Disruption of DREAM formation leads to upregulation of a small subset of target genes. a, b) Volcano plots of log₂-fold change in transcript levels vs log10 false discovery rate (FDR) of 13,721 genes shared between (a) lin-35(n745) vs N2 L1 microarray expression analysis reported in (Kirienko and Fay 2007) and (b) lin-52(3A) vs lin-52(WT) late embryo RNA-seq. Genes downregulated or upregulated are highlighted, with dark circles indicating upregulated genes observed in both lin-35 and lin-52(3A) data sets. Black circle outlines indicate DREAM target genes, as reported in (Goetsch et al. 2017). The number of genes differentially expressed in each analysis is indicated at the top of each plot, with the number of DREAM target genes differentially expressed indicated in parentheses. Dashed lines indicate the significance cutoff of q = 0.05 (horizontal lines) and a 1.5-fold change in transcript level (vertical lines). Genes selected for RT-qPCR analysis are labeled. c, d) RT-qPCR analysis comparing transcript levels of 6 DREAM target genes that were upregulated in RNA-seq (c) and 6 DREAM target genes that were not upregulated in RNA-seq (d). Transcript levels in late embryos are from WT N2 (white), lin-35 (black), lin-52(WT) (white), lin-52(1A) (light gray), and lin-52(3A) (dark grey). Expression values from 6 biological replicates were averaged and are presented as the relative quantity compared with act-2. Error bars indicate SEM, fold change values > 1.5-fold are provided, and significance was determined by a Student’s t-test between transcript levels in mutant (3A or 1A) vs WT or lin-35 vs N2 (*P-value < 0.05, **P-value < 0.01).

Fig. 6.

Analysis of chromatin localization of DREAM subunits at target genes. a, b) ChIP-qPCR of DREAM subunits DPL-1 and LIN-37 in N2 (white) vs lin-35 (black) and DPL-1, LIN-35, LIN-37, and LIN-52 (via GFP tag) in lin-52(WT) (white) vs lin-52(3A) (dark gray) late embryo extracts at 2 DREAM target genes that were upregulated in RNA-seq (a) and 2 DREAM target genes that were not upregulated in RNA-seq (b).
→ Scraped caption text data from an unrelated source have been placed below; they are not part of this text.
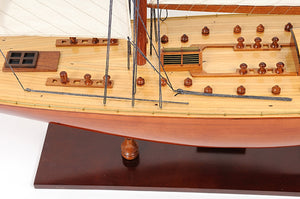 Endeavour 40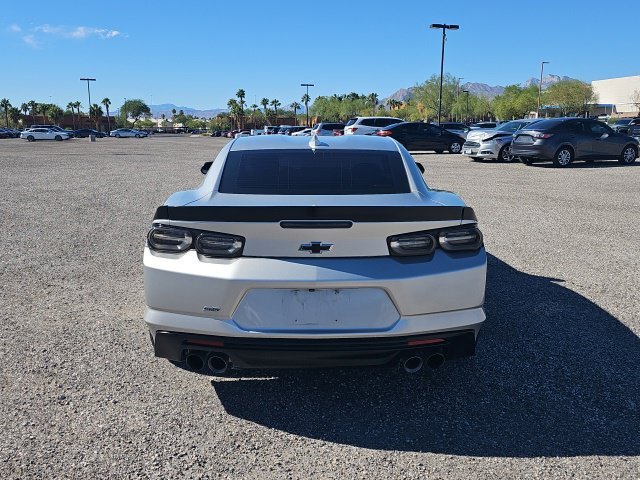 Used 2019 Chevrolet Camaro SS RWD image 5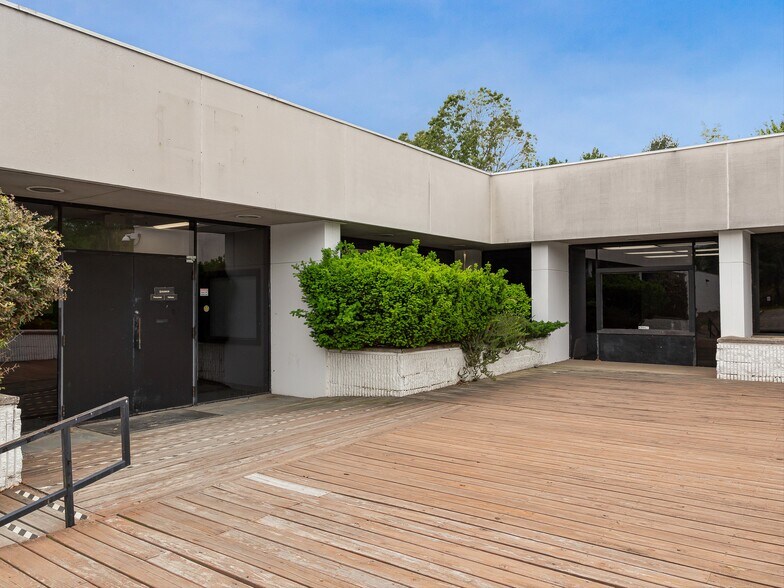 More Photos Of 90 Christ School Rd, Arden Distribution For Lease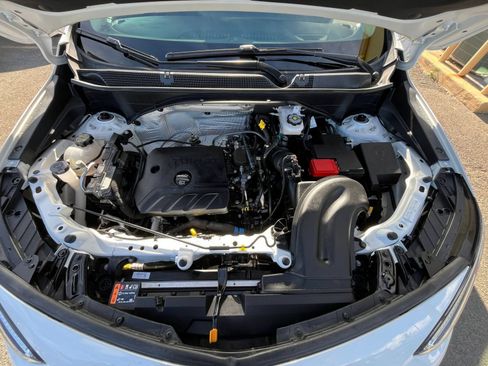 Used 2025 Buick Encore GX Preferred FWD image 30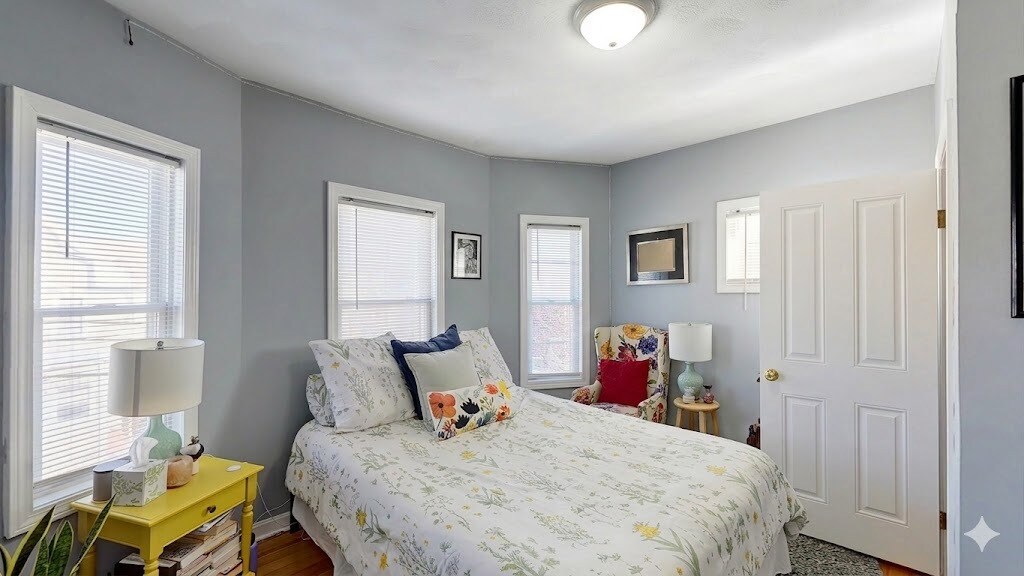 Building Photo - 50 Derby St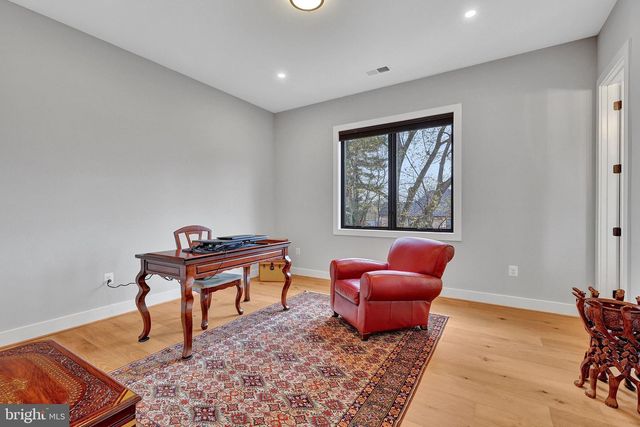 1100 BALLS HILL RD, Mclean, VA 22101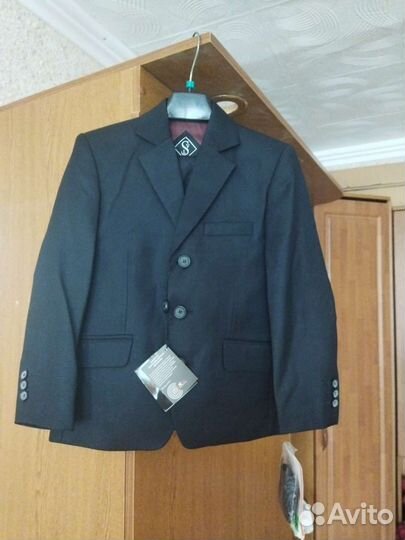 Праздничные и школьные костюмы для мальчика новые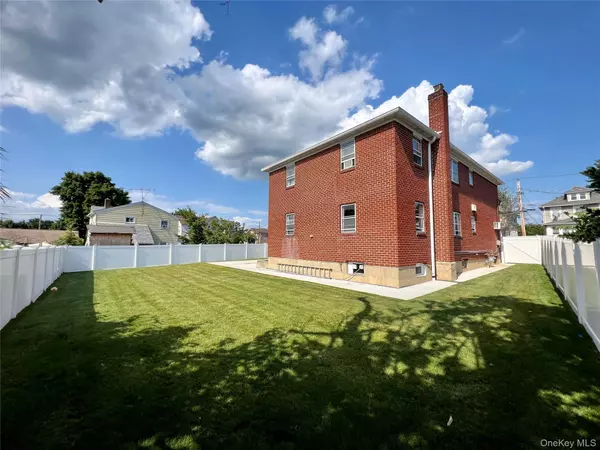 Glen Cove, NY 11542,10 Dougherty ST
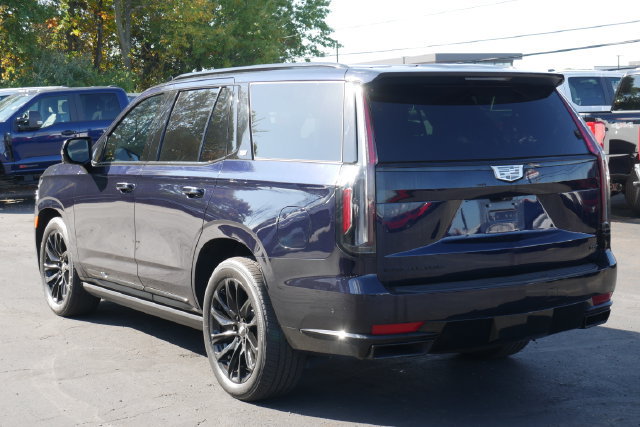 Used 2024 Cadillac Escalade Sport w/ LPO, ONYX Package AWD/4WD image 10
IgG was used as a negative control. Signals are presented as percentage of Input DNA, with negative fold-change values >2-fold noted. Error bars indicate SEM. Significance was determined by a Student’s t-test between subunit ChIP values in mutant (lin-35 or lin-52(3A)) vs WT control (N2 or lin-52(WT)) (*P-value < 0.05). c) Sequential ChIP-qPCR of LIN-52 (via FLAG tag) followed by LIN-35 or IgG from lin-52(WT) (white) and lin-52(3A) (dark gray) late embryo extracts at 4 DREAM target genes. Signals are presented as percentage of FLAG IP DNA. Error bars indicate SEM. Additional data are shown in Supplementary Fig. 3.